Gagasan ini terdengar bijak. Namun dalam praktik, ia menyisakan pertanyaan serius: Apakah kasus kelalaian yang menimbulkan korban jiwa layak diselesaikan dengan pendekatan restoratif?
Antara Pemulihan dan Akuntabilitas
Restorative justice bukan sekadar mediasi damai. Ia merupakan pendekatan hukum yang berfokus pada pemulihan korban, tanggung jawab pelaku, dan rekonsiliasi sosial. Dalam kerangka hukum positif Indonesia, mekanisme ini diatur dalam Peraturan Kejaksaan No. 15 Tahun 2020 dan Peraturan Mahkamah Agung No. 1 Tahun 2024.
Namun, keadilan restoratif hanya dapat diterapkan bila memenuhi syarat tertentu: ancaman pidana tidak lebih dari lima tahun, pelaku menunjukkan penyesalan dan itikad baik, korban atau keluarganya bersedia berdamai, dan peristiwa tersebut tidak menimbulkan keresahan publik.
Kasus kelalaian yang menyebabkan kematian (Pasal 359 KUHP) — apalagi dengan jumlah korban puluhan logikanya melampaui batas hukuman lima tahun dan sulit untuk dihentikan penuntutannya hanya dengan mediasi. Secara moral dan sosial, perkara ini juga tidak sederhana.
Kearifan yang Menjadi Tameng
Kita harus hati-hati agar “kearifan lokal pesantren” tidak berubah menjadi tameng bagi impunitas. Mengedepankan dialog dan kekeluargaan memang mulia, tetapi tidak boleh menghapus prinsip akuntabilitas. Ketika nyawa santri melayang akibat kelalaian teknis — entah karena bangunan tak memenuhi standar, pengawasan yang lalai, atau prosedur izin yang diabaikan — maka keadilan tidak cukup dipulihkan dengan maaf dan kompensasi.

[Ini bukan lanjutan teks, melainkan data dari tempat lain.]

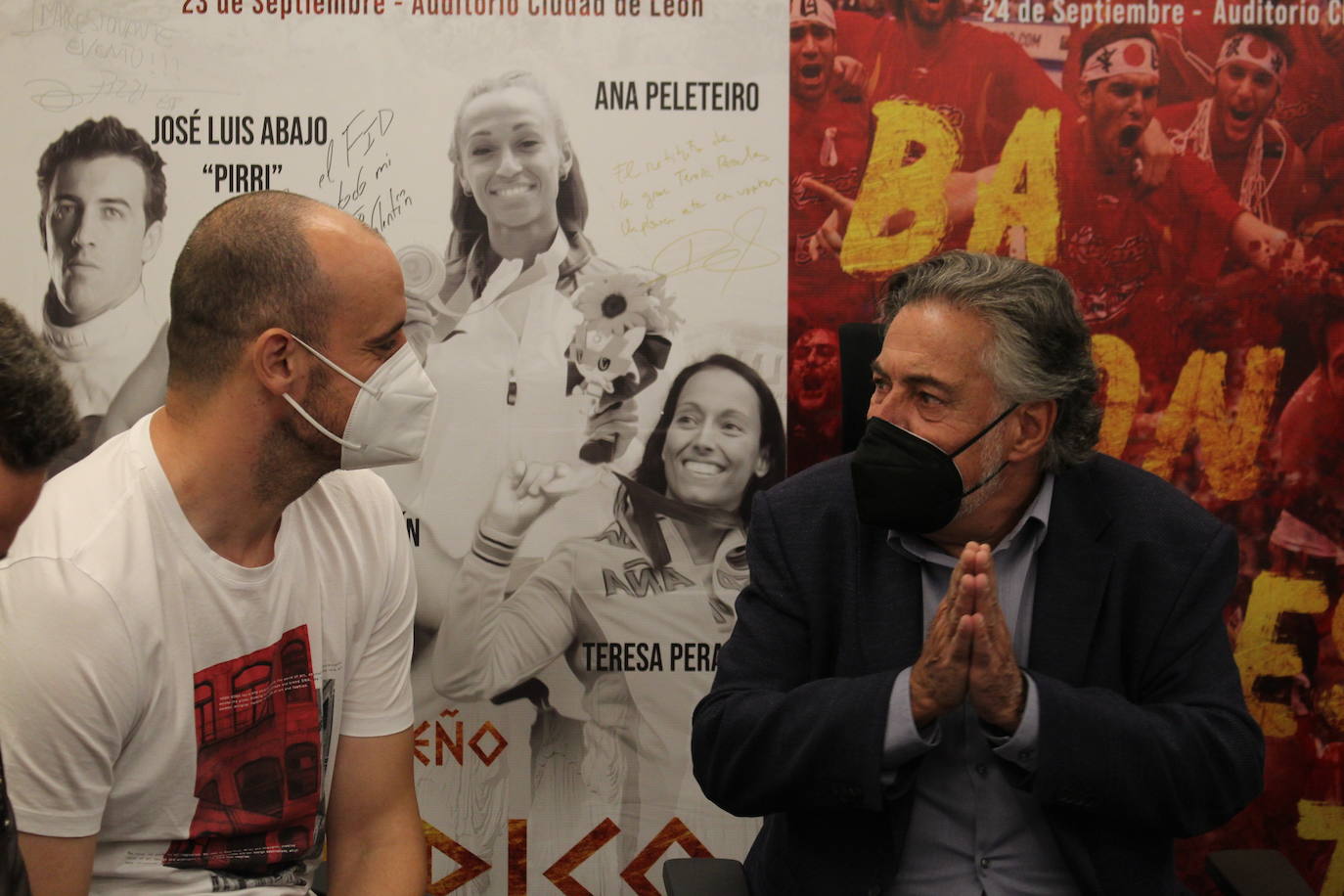 Cuatro integrantes de la selección española de baloncesto que conquistó el Mundial en 2006 y su entrenador, Pepu Hernández, recuerdan este hito en la capital de provincia.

Kearifan, dalam makna sejatinya, adalah kebijaksanaan yang menguatkan keadilan, bukan menggantikannya. Jika “kearifan” dijadikan alasan untuk menghindari tanggung jawab hukum, maka kita sedang melahirkan feodalisme baru dalam ruang keagamaan — di mana kesalahan dimaafkan bukan karena iktikad baik, tetapi karena status sosial pelakunya
Bahaya Menormalisasi Kelalaian
Jika keadilan restoratif diterapkan tanpa transparansi dan evaluasi yang jujur, maka ia justru bisa menjadi jalan sunyi bagi ketidakadilan. Masyarakat akan menafsirkan bahwa ketika pelanggaran terjadi di institusi keagamaan, hukum menjadi lunak. Ini sangat berbahaya bagi prinsip kesetaraan di hadapan hukum (equality before the law).
Tragedi di Al Khoziny bukan sekadar “musibah” yang harus diterima dengan ikhlas. Ia adalah peringatan atas kelalaian sistemik — bagaimana pembangunan bisa dilakukan tanpa standar, tanpa akuntabilitas, dan kemudian dibungkus dengan narasi takdir. Dalam situasi seperti ini, restorative justice hanya bermakna jika dijalankan dengan pengakuan kesalahan, pemulihan korban, dan perubahan struktural agar tidak terulang kembali.
Restoratif yang Berkeadilan
Keadilan restoratif bisa menjadi jalan mulia bila diterapkan dengan transparan, jujur, dan berorientasi pada tanggung jawab moral serta hukum. Tapi ia kehilangan maknanya bila dijadikan alat untuk menutupi kesalahan.
Prof. Mahfud benar: hukum harus berjalan, dan kearifan harus dihargai. Namun, kearifan tanpa akuntabilitas adalah pembenaran atas kelalaian.
Kasus Al Khoziny adalah ujian apakah bangsa ini masih sanggup menegakkan keadilan tanpa kehilangan empati — dan mempraktikkan empati tanpa menafikan keadilan.